Gardening equipment manufacturers ought to make safety equipment on their products clearer, after research has shown that 300,000 people are injured seriously enough to require hospital treatment while gardening every year.
The study, from Electrical Safety First, also found that one-third of gardeners have had some form of electrical accident in the garden, and that men are twice as likely to injure themselves while gardening as women. This could be because men are particularly likely to operate gardening equipment without reading the instruction manuals, with more than half of people overall admitting that they do not bother reading safety instructions before using electrical appliances.
The most common cause of electrical emergencies in the garden was cutting through the cables of hedge trimmers and lawn-mowers – if there is no RCD protection in place, this accident can cause a serious and potentially lethal electrical shock. Other common garden accidents were caused by forks, spades, secateurs, pruners, shears, sticks and canes.
What are RCDs and how can they help me avoid electrical home emergencies?
RCDs, or Residual Current Devices, can be plugged in to all mains voltage equipment. If there is a fault with the equipment, if the cable is severed, or if the electric current is imbalanced in any other way, an RCD will disconnect the electrical circuit and ensure that the operator of the equipment does not suffer an electrocution.
This provides an essential level of protection for users of gardening equipment; while RCDs will not provide protection against all short-circuits or overloading of sockets, they provide the best way to minimise the risk of gardening accidents leading to electrocution.
Despite this safety and utility, however, Electrical Safety First found that two-thirds of people who regularly cut their hedges or mow their lawns do not use RCDs, with many of these people saying they had never even heard of RCDs.
Should manufacturers of gardening equipment do more to prevent home emergencies?
Electrical Safety First therefore argued that manufacturers should be responsible to tell gardeners about the dangers high-powered electrical equipment can pose.
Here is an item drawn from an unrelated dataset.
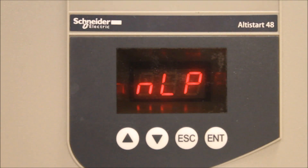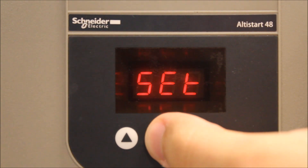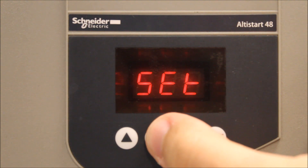In this video, we're going to talk about what is the amp range for the ATS 48 soft starts, more specifically the IN parameter, which is the motor FLA. We're assuming that you have a motor rating that is less than or more than what is the actual soft start's rating.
If manufacturers had a duty to minimise the dangers gardening appliance breakdowns led to by ensuring their customers understood the importance of RCDs and were told about their use in a clear and concise manner, then the huge number of injuries Brits suffer while gardening could potentially be significantly reduced.
However, the charity found during a mystery shopper exercise that manufacturers are not doing all they could to protect their customers; RCDs are occasionally mentioned in instruction manuals, but these manuals do not necessarily explain why not using these devices is dangerous, and in many instances information about RCDs is presented in an unnecessarily complicated manner. Some manuals were also found to suggest that RCDs are particularly beneficial when the weather is wet, which Electrical Safety First argued suggests underplays the dangers people face when using electrical gardening equipment when it is dry.
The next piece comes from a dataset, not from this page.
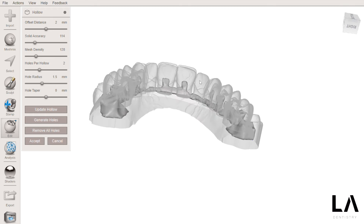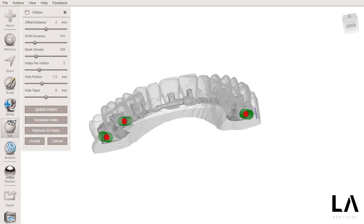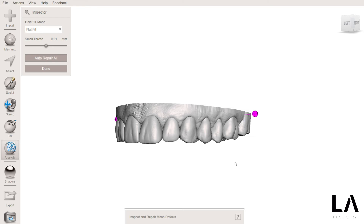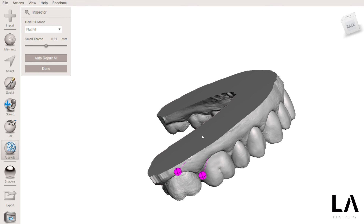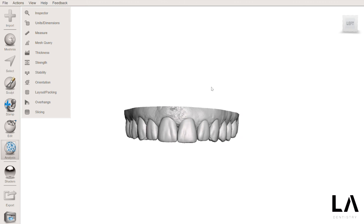This is my hollow model and I can generate holes for the hollow. I will generate a couple of them placed in locations that do not interfere with the anatomy, and I can click Accept. If you want, you can go to Inspector again to check if there's anything wrong and properly correct the problems. It's done — now we can go to Export and save the model ready. I hope you find this useful. Please subscribe for more tips and tricks about digital dentistry.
The organisation therefore said that guidance about RCDs should be much more obvious and much clearer. Director General of the charity Phil Buckle said manufacturers ought to do “all they can” to ensure RCDs are used alongside their products.
If manufacturers attached tags to plugs warning about the dangers of electrical accidental, or included RCDs as standard with hedge trimmers and lawn mowers, this could be “all it takes” to change consumers’ behaviour and reduce the number of electrical emergencies in the garden, he added.